Moi je n’ai rien fait, et lorsque j’ai su ce qui venait de se passer, j’aurais aimé ne jamais en parler, ligoter ma mémoire, la tenir bien serrée dans ses liens de façon à ce qu’elle demeure tranquille comme une fouine dans une nasse de fer.
Mais les autres m’ont forcé : "Toi, tu sais écrire, m’ont-ils dit, tu as fait des études." J’ai répondu que c’étaient de toutes petites études, des études même pas terminées d’ailleurs, et qui ne m’ont pas laissé un grand souvenir. Ils n’ont rien voulu savoir : "Tu sais écrire, tu sais les mots, et comment on les utilise, et comment aussi ils peuvent dire les choses. Ça suffira. Nous on ne sait pas faire cela. On s’embrouillerait, mais toi, tu diras, et alors ils te croiront." »
Mon avis :
Il y a tellement de livres qui sortent chaque année, qu’il est impossible de les lire tous, même en se limitant aux seuls qui nous paraissent dignes d’intérêt, alors forcément, on passe souvent à côté de belles réalisations. Heureusement, il est toujours possible de se rattraper ! Pour moi, c’est chose faite avec Le rapport de Brodeck.

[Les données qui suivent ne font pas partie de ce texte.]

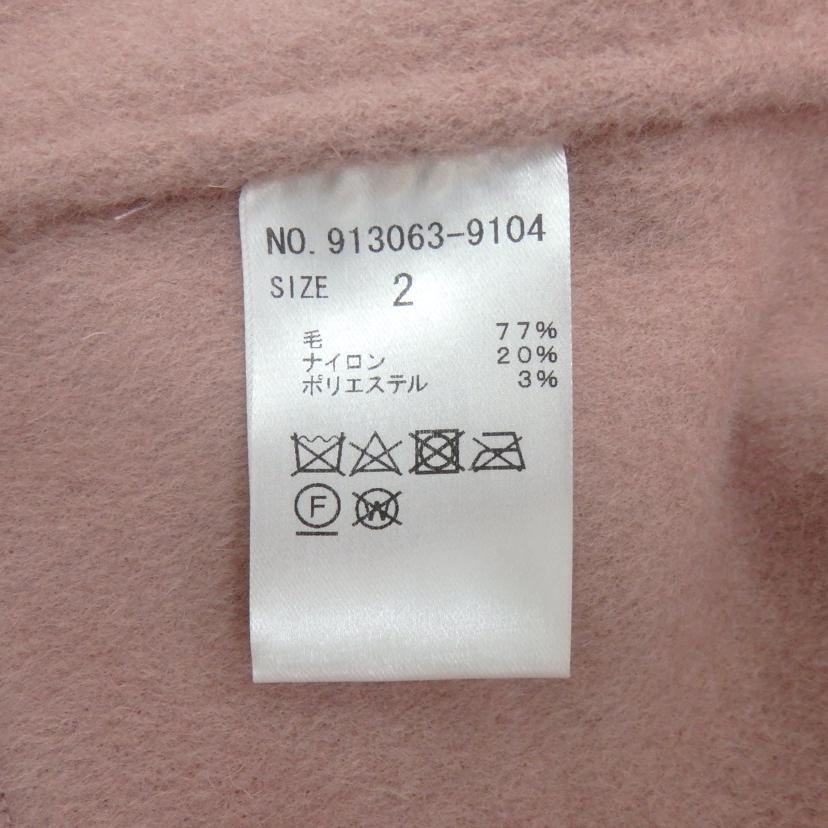 N.O.R.C ノーク/N.O.R.C ノーカラーロングコート/2/M//SAランク/77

Dans ce roman, Philippe Claudel réussit à nous parler d’événements que tout le monde connaît sans jamais citer leur nom ni les situer dans le temps. Et si l’on comprend de quoi il parle et à quelle époque cela se passe, il les rend de cette façon plus universelle et élargit considérablement le propos. Cela donne un texte d’une densité rare sur la complexité des rapports humains et sur la force du communautaire face à l’individu.
Dès les premières pages, le décor est planté : dans un petit village de montagne, juste après « la guerre », un meurtre a été commis par une grande partie de la communauté. Brodeck est chargé de relater ce qui a amené à cet assassinat auquel lui-même n’a pas participé. Alors, il rédige deux rapports, l’un officiel, l’autre pour se rappeler. Et à travers ce témoignage caché, il nous raconte comment il est arrivé là, comment il a été adopté par l’ensemble du village, puis trahi. Il ne porte pas de jugement, il essaie de comprendre. L’horreur, il l’a vécu, il est revenu de là d’où l’on ne revient pas. Maintenant, il est au-delà, simple témoin des événements, simple rapporteur.

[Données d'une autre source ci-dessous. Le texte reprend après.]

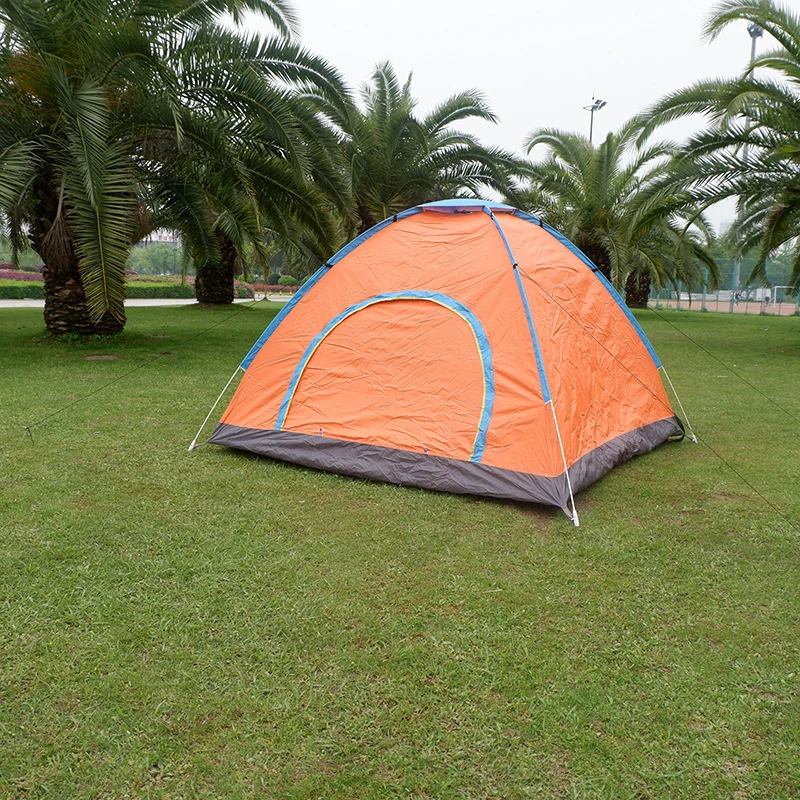 Vielseitiges und robustes Campingzelt Skanto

Certains verront peut-être ici un énième livre sur la Shoah, mais ce n’est par le cas, même si l’on comprend que la guerre dont l’auteur parle est bien celle de 39-45 et que Brodeck est déporté dans un camp de concentration. C’est dans les moments les plus paroxysmiques, et la guerre en est un, que l’émotion prend le dessus sur la réflexion, que la peur dicte les actes et que la multitude s’auto-alimente de cette peur qui la pousse à des décisions extrêmes. Et c’est bien là le cœur du roman. C’est ce que nous raconte Le rapport de Brodeck.